Avevo un casa al mare e intorno ai 12 anni ho avuto il mio primo incontro con lo scivolare sulle onde: un giorno, con il mare mosso, ho travolto un bambino con la mia tavola bodyboard e mi sono convinto che quella non fosse la mia strada. La scintilla è scoccata nuovamente poi ai tempi dell’università: un’amica e compagna di studi mi racconta del surf alle Canarie e qui nasce l’idea di volerlo nuovamente fare, al di là dei possibili ostacoli “logistici”. Poi un giorno nel 2018 navigando su internet un’amica mi ha condiviso un evento su Facebook di un surf camp. Prendo contatti, faccio una prova a Fuerteventura e da lì non ho mai più smesso.
Che cosa ti piace di questo sport?
Il surf non è come una gara di atletica: nel surf vince chi si diverte di più, anche se di livelli diversi, e gli atleti possono sempre divertirsi, al di là della gara e dello spirito competitivo. Quando ci sono le competizioni c’è una bella vibe, ci si incita a vicenda durante la gara e appena usciti dall’acqua ci si complimenta con il vincitore. La parte più divertente è fare free surf: più sei preparato fisicamente, più resti in acqua e più ti diverti. Nelle manifestazioni sportive con atleti con disabilità non percepisci l’aspetto negativo di questa condizione, è un messaggio molto positivo. Ovviamente non è uno sport impossibile, ma con le onde grosse devi avere fegato. Il surf nel mio caso mi aiuta ad essere calmo, di base c’è sempre la paura, ma insegna a gestirla e a gestire meglio di conseguenza anche lo stress.

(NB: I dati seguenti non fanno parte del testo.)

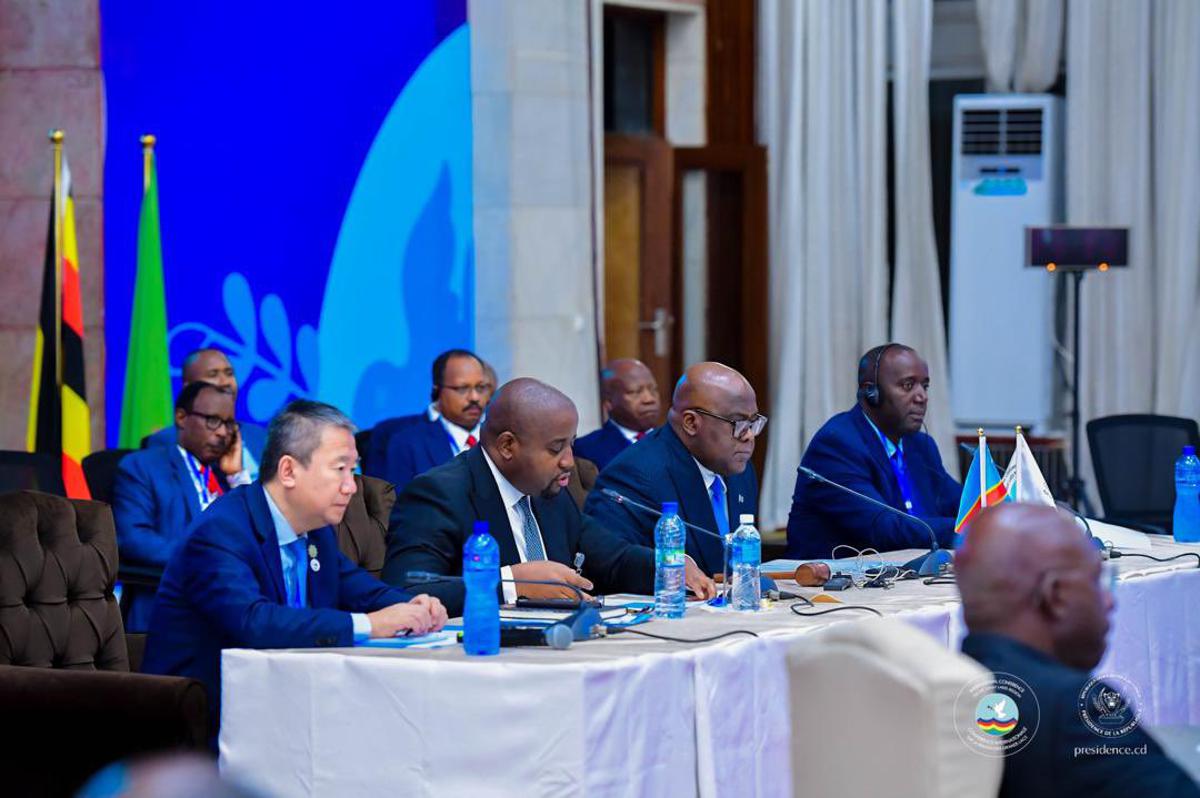 Lees meer over het artikel Minister Anzuluni tevreden over ondertekening ‘protocol van Kinshasa’ (CongoForum)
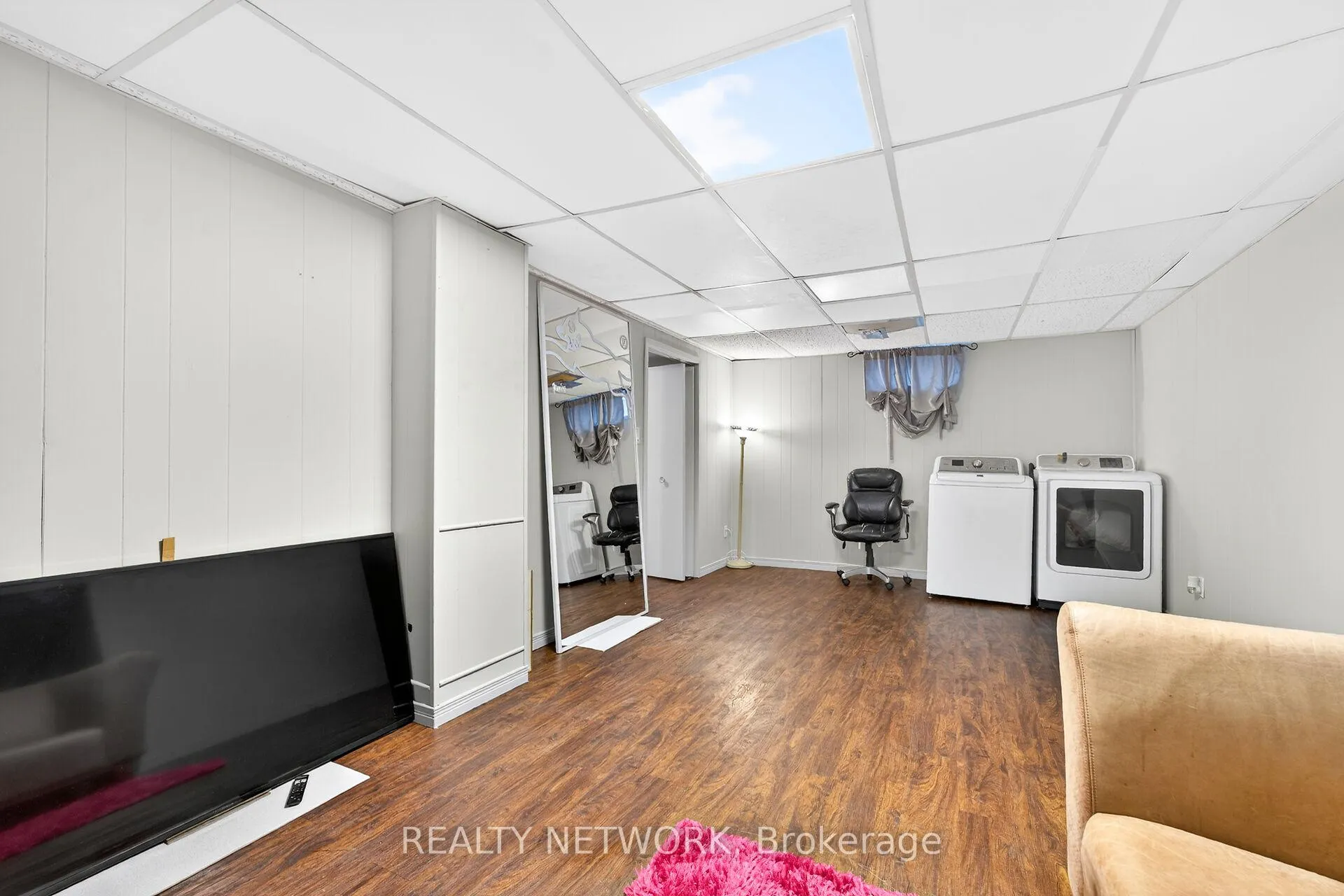 Photo 37 of Unit 1, 2252 Upper Middle Road, Burlington, Brant Hills — HOMEH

Ma una persona cieca come fa a fare surf?
Non è impossibile, anzi. Semplicemente ho una guida accanto che dà indicazioni a voce, senza toccarmi durante la gara. Prima di entrare in acqua, sul palmo della mano mi segnala le direzioni delle onde e il percorso da fare, mi dice con che inclinazione e quando arriva l’onda, mi annuncia quando è il momento di prepararmi. A questo punto siamo io e il mare: sono piatto sulla tavola, remo con le mani e mi alzo per prendere l’onda, nient’altro.
Sono stati anche i nostri valori comuni e lo sport hanno fatto incrociare le nostre strade con la sponsorizzazione della tua tavola da surf ai Mondiali di adaptive surfing in California. Ci racconti com’è andata?
Una call di AccessiWay è stata la scintilla, l’interesse comune sull'accessibilità ha fatto sì che venisse naturale collaborare. Il mio primo contatto con voi è stata Dajana Gioffrè, mia amica da tanti anni e Chief Visionary Officer da voi. Mi ha parlato della possibilità che l’azienda sponsorizzasse la mia tavola da surf proprio in occasione dei mondiali di adaptive surfing in California. Com’è andata? In gara tutto liscio, la prima volta che sono entrato in acqua con la tavola ho provato qualcosa di forte, sì, mi ha colpito sulla testa! Sicuramente è stata un’esperienza molto di impatto.
In conclusione, che cosa possiamo fare in concreto per migliorare l’accessibilità secondo te?
L’accessibilità è a tre dimensioni: fisica o sensoriale, digitale e sociale: una volta abbattute le barriere sociali il resto viene più semplice. Sostanzialità e concretezza nell’accessibilità sono fondamentali. Partendo da quella legale o digitale, non è sufficiente la conformità o l’accessibilità legale, ma si tratta di un obbligo etico e morale per tutti. L’accessibilità è un percorso, non è un approccio fatto e finito, ci sono sfumature: quello che oggi è accessibile magari tra quindici anni non lo sarà più. Si tratta di una questione di innovazione, di creatività. Impegnandoci tutti, non è impossibile.